--- Collected data entries ---
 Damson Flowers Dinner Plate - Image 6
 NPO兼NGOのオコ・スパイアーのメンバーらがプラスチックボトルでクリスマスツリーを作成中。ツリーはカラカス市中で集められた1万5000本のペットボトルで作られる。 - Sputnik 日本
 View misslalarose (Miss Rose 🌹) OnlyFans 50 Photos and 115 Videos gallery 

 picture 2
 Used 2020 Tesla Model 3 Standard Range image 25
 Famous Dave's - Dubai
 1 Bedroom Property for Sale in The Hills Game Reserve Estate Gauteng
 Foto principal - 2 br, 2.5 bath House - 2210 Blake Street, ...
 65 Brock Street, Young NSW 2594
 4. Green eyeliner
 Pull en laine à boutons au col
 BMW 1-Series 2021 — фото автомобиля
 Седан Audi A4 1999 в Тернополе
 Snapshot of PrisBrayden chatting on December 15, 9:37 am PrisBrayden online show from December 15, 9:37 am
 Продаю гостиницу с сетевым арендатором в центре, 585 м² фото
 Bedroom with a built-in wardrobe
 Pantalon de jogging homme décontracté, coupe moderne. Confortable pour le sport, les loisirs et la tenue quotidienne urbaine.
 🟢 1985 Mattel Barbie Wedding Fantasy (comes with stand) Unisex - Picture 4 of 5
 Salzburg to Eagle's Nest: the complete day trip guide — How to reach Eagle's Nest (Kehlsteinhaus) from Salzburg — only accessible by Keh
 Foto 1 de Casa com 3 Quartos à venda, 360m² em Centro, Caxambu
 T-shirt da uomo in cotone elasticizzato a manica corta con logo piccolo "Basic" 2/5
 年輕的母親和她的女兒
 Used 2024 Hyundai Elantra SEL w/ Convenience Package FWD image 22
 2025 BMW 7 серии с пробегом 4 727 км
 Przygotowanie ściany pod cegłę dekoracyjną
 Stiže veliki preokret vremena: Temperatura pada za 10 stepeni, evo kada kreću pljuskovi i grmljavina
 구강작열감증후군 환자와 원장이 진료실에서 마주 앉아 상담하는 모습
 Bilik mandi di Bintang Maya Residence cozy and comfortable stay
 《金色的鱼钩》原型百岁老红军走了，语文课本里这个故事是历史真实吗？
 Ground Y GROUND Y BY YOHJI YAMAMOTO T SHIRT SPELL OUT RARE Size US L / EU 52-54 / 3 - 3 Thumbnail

--- Exercise requirements ---
Copy the lines from the start of the data verbatim, stopping after the line containing "Pantalon de jogging".

--- Task solution ---
 Damson Flowers Dinner Plate - Image 6
 NPO兼NGOのオコ・スパイアーのメンバーらがプラスチックボトルでクリスマスツリーを作成中。ツリーはカラカス市中で集められた1万5000本のペットボトルで作られる。 - Sputnik 日本
 View misslalarose (Miss Rose 🌹) OnlyFans 50 Photos and 115 Videos gallery 

 picture 2
 Used 2020 Tesla Model 3 Standard Range image 25
 Famous Dave's - Dubai
 1 Bedroom Property for Sale in The Hills Game Reserve Estate Gauteng
 Foto principal - 2 br, 2.5 bath House - 2210 Blake Street, ...
 65 Brock Street, Young NSW 2594
 4. Green eyeliner
 Pull en laine à boutons au col
 BMW 1-Series 2021 — фото автомобиля
 Седан Audi A4 1999 в Тернополе
 Snapshot of PrisBrayden chatting on December 15, 9:37 am PrisBrayden online show from December 15, 9:37 am
 Продаю гостиницу с сетевым арендатором в центре, 585 м² фото
 Bedroom with a built-in wardrobe
 Pantalon de jogging homme décontracté, coupe moderne. Confortable pour le sport, les loisirs et la tenue quotidienne urbaine.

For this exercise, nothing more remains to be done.